Iraq represents no greater threat to the U.S. than it did 5 years ago. It has 
no weapons of mass destruction that it did not already have 5 years ago, it is 
supporting no significant terrorist activity that it was not supporting 5 years 
ago. This is not to deny that Saddam Hussein is a bad person with some power who 
wishes ill of the U.S. But this was all true 5 years ago when everyone agrees we 
had no compelling reason to go to war.

So what has changed? The Bush administration has been saying for 9 months now 
that it will produce evidence that Iraq is not just an enemy, but an immediate 
threat. To date, no such evidence has been forthcoming. Why? Because the evidence 
doesn't exist.

Now, I don't want to portray the French and Russians as the good guys. Under current 
arrangements they are doing a modest but healthy oil trade business with Iraq, all of 
it just barely within the letter of agreed UN sanctions. They don't want that 
balance of trade to be upset, and so they'll argue to the bitter end against 
anything that changes the status quo. But the fact that they have selfish motives 
doesn't make them wrong.

Few nations have expressed support for a U.S.-backed war, and those that have 
are either being strong-armed by the Bush administration (Pakistan), or bravely
going against the overwhelming popular opinion within the country (England). The
Arab world, in particular, would respond with understandable outrage; not the
smartest diplomatic move we could make in a post-9/11 world.
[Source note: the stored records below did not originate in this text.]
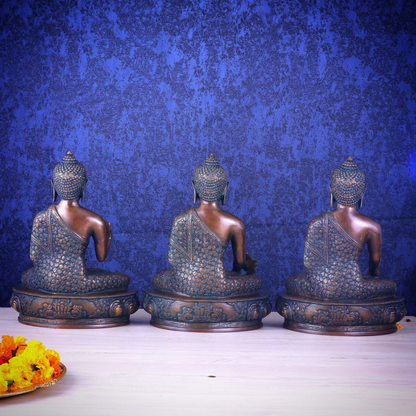 Brass Bhumisprasa, Blessing Buddha Three Statue Weight 6.8 kg & Height 13.5 Inch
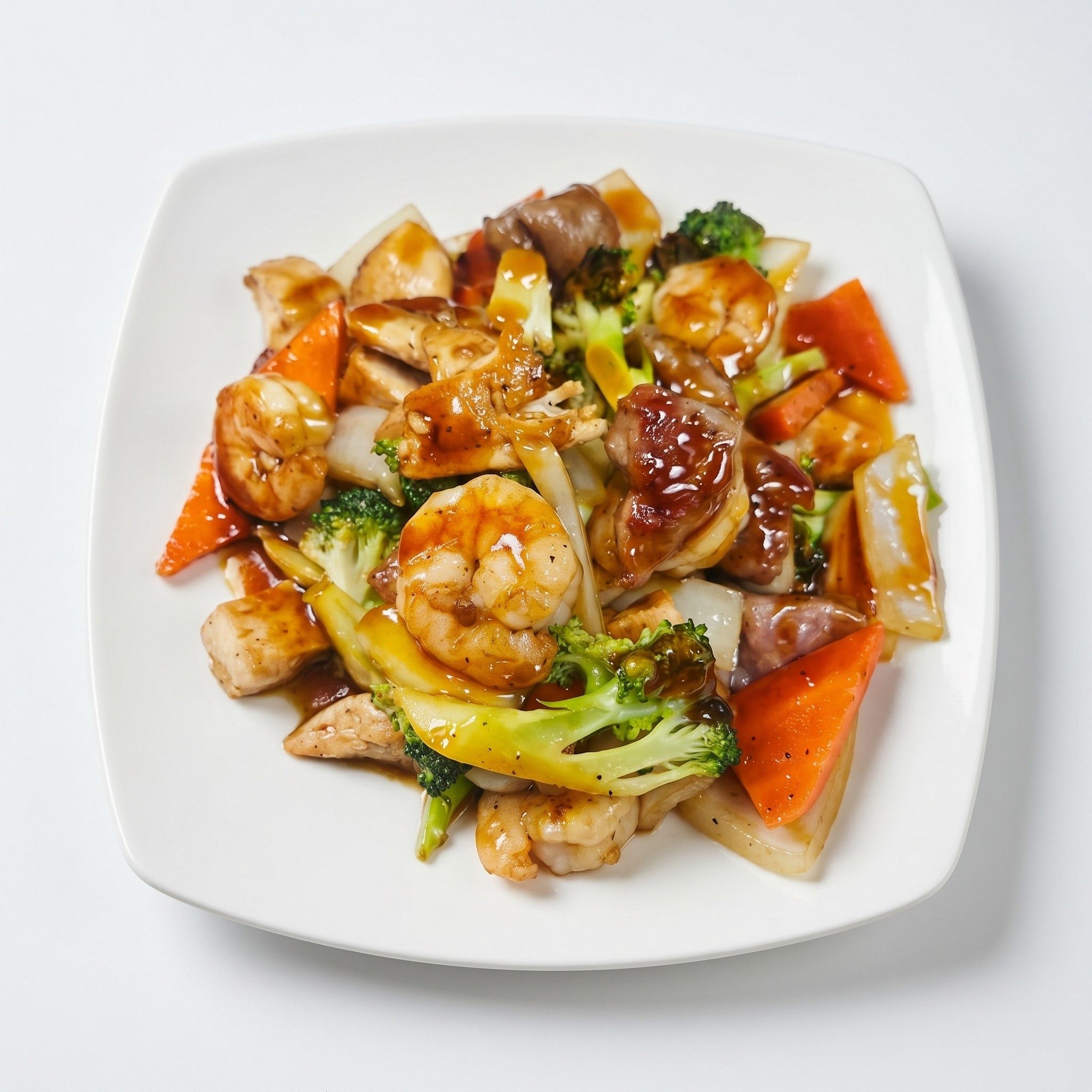 Hibachi Trio (Steak, Chicken, Shrimp).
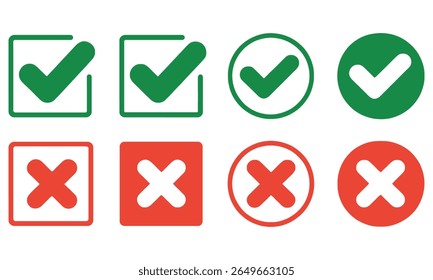 A grid of four green check mark icons and four red cross mark icons in square and circular shapes, isolated on a transparent background.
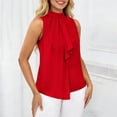 thumbnail image 7 of Women's Elegant Sleeveless Blouses Tie Back Pleated Dressy Work Tops Business Casual Outfits Ruffle Trim Mock Neck Sleeveless Summer Blouses Shirts Tank Tops, 7 of 7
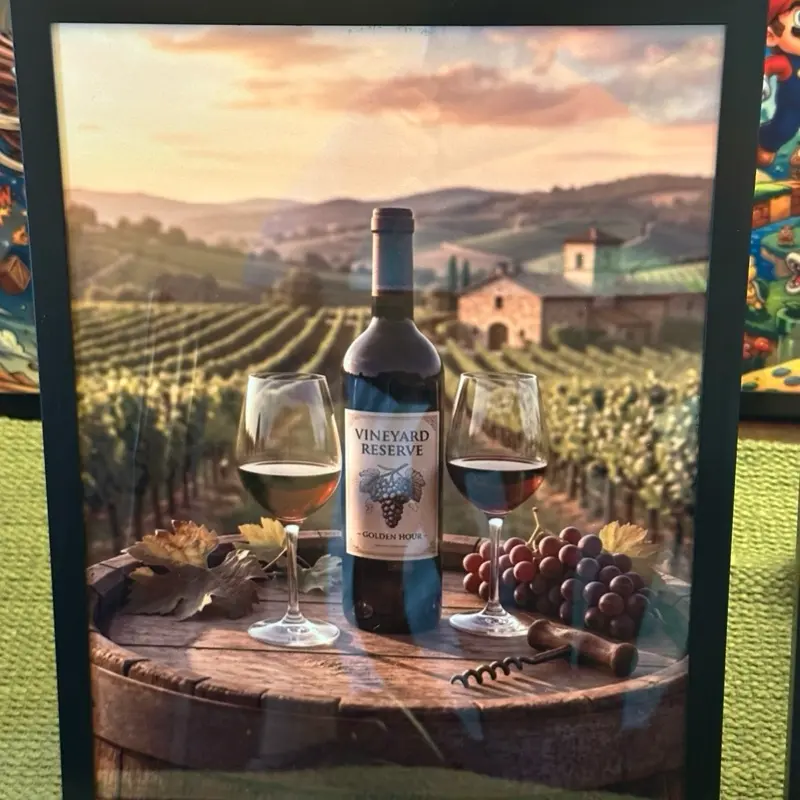 Custom Sublimated Picture Frame - High-Quality Artistic Graphic Prints, Includes Metal Pen, Vintage Decor for Room Home Wall & Tabletop Display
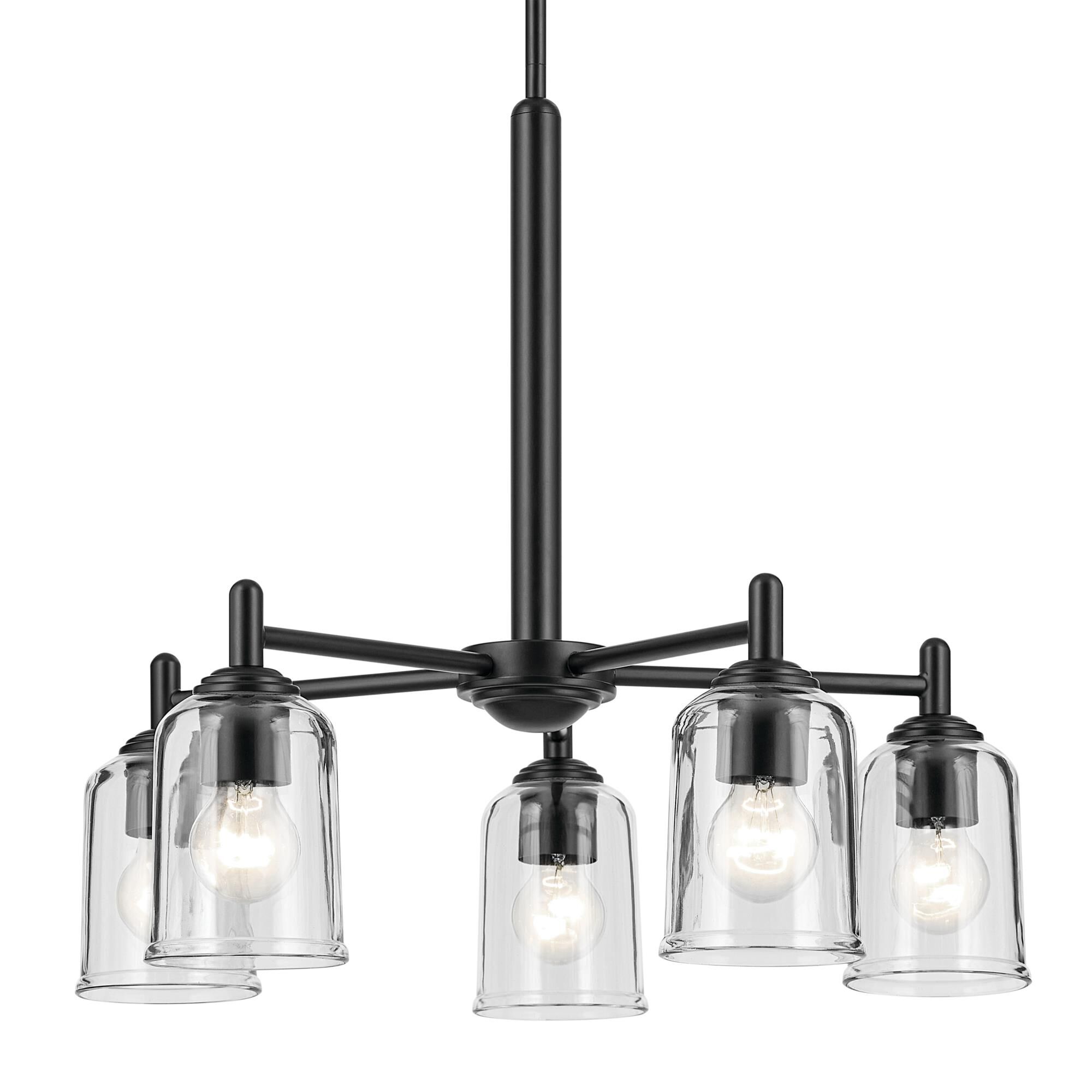 Shown in Black finish and Clear glass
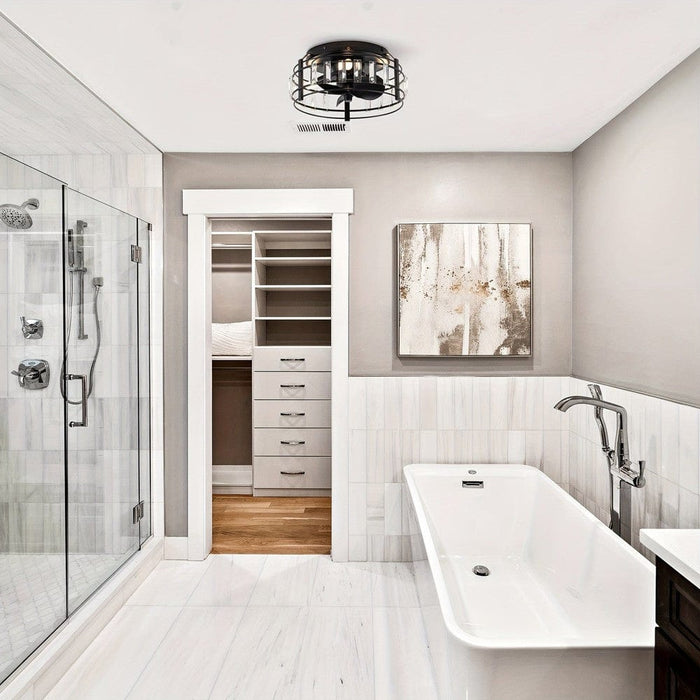 13 in. Modern Round Black Crystal Flush Mount Ceiling Fan with Light Remote Control-ErisView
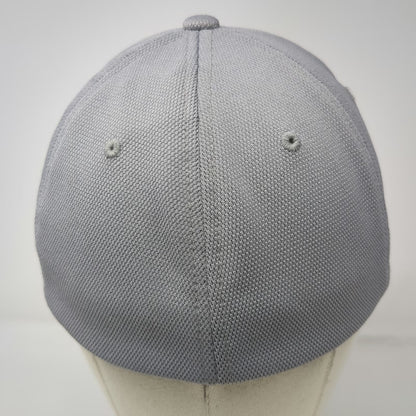 Flexfit Baseball Cap Gray M Hume Lake Logo Polyester Fitted Curved Brim Hat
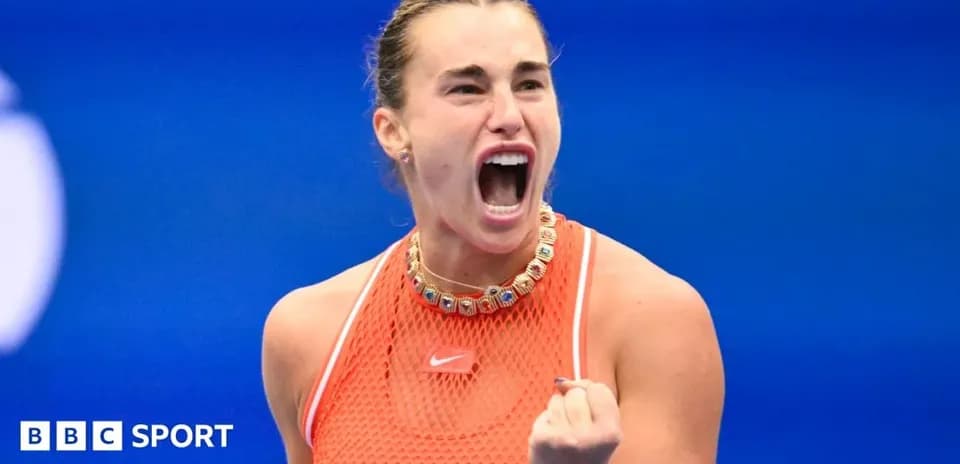 Tennis player celebrating a point during match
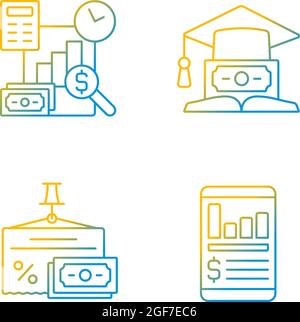 Investment black gradient linear vector icons set Stock Vector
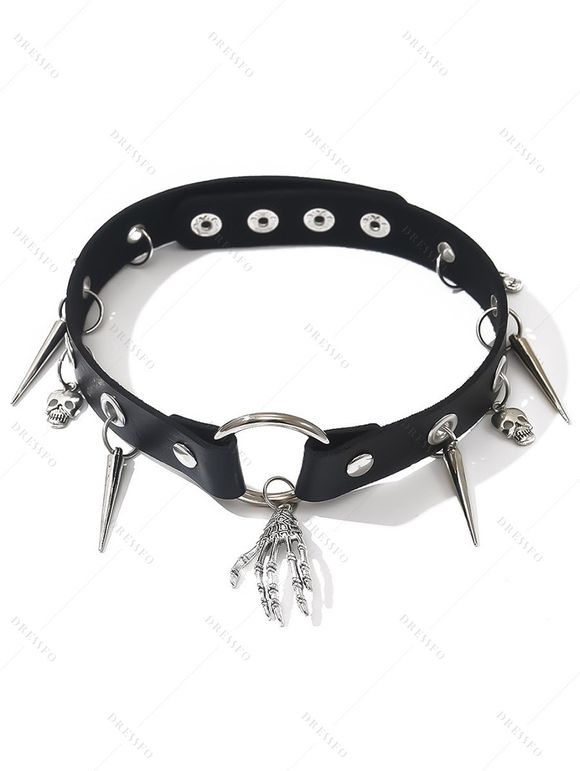 Collier ras du cou gothique avec pendentif tête de mort et rivets en forme de main de squelette - Noir 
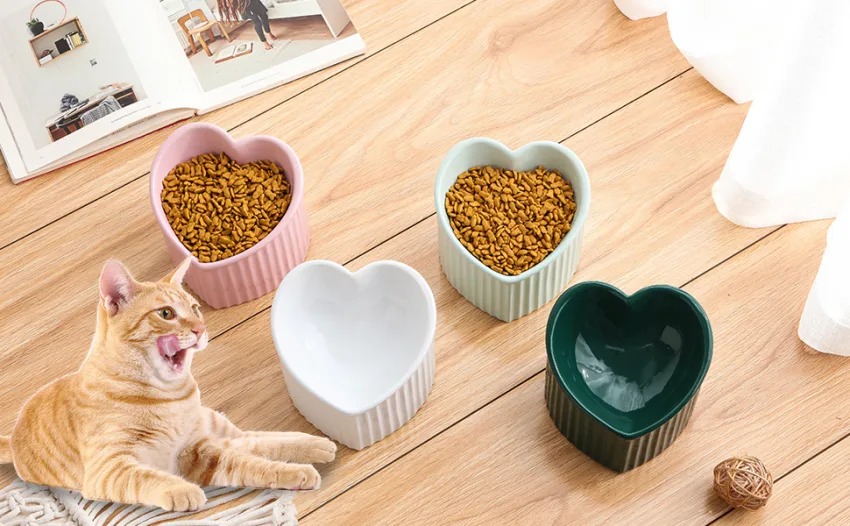 Ceramic Raised Cat Bowls, Tilted Elevated Food or Water Bowls , Stress Free, Backflow Prevention, Dishwasher and Microwave Safe, Lead & Cadmium Free Pink - product information 2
Should we have a vigorous inspection regime? Of course. And the Bush administration
has done a good thing in getting inspections back on track. But there are so 
many shades of grey between "no inspections" and "total war". Inspections could
be more aggressive, could even be backed by military force: "shut down and 
dismantle this installation now, or we'll have bombers here to do it for you". 
That kind of thing. We haven't tried any of those more assertive steps yet. To
jump straight to war would be ludicrous.

What's baffling is the motivation of the Bush administration. We don't -- and
shouldn't -- want democracy in Iraq. A democratic Iraq might elect
a fundamentalist theocratic leadership to replace the current secular regime.
We don't want that. A democratic Iraq would almost surely face a serious 
separatist movement from the Kurds, and we don't want that either. 
This isn't about the war on terror either. Connections between Iraq and Al
Qaida are tenuous at best. Remember, Iraq is a secular regime, which is 
anathema to Al Qaida's fundamentalist philosophy. This isn't about protecting
the region from Iraqi aggression either. There has been 0 threat of that for
years, and nothing's changed.

So what is Bush's motivation? That's the 60 billion dollar question. Without
an answer to that, it's impossible to see how war might make sense. As for
any justification officially provided so far? I'm not buying it.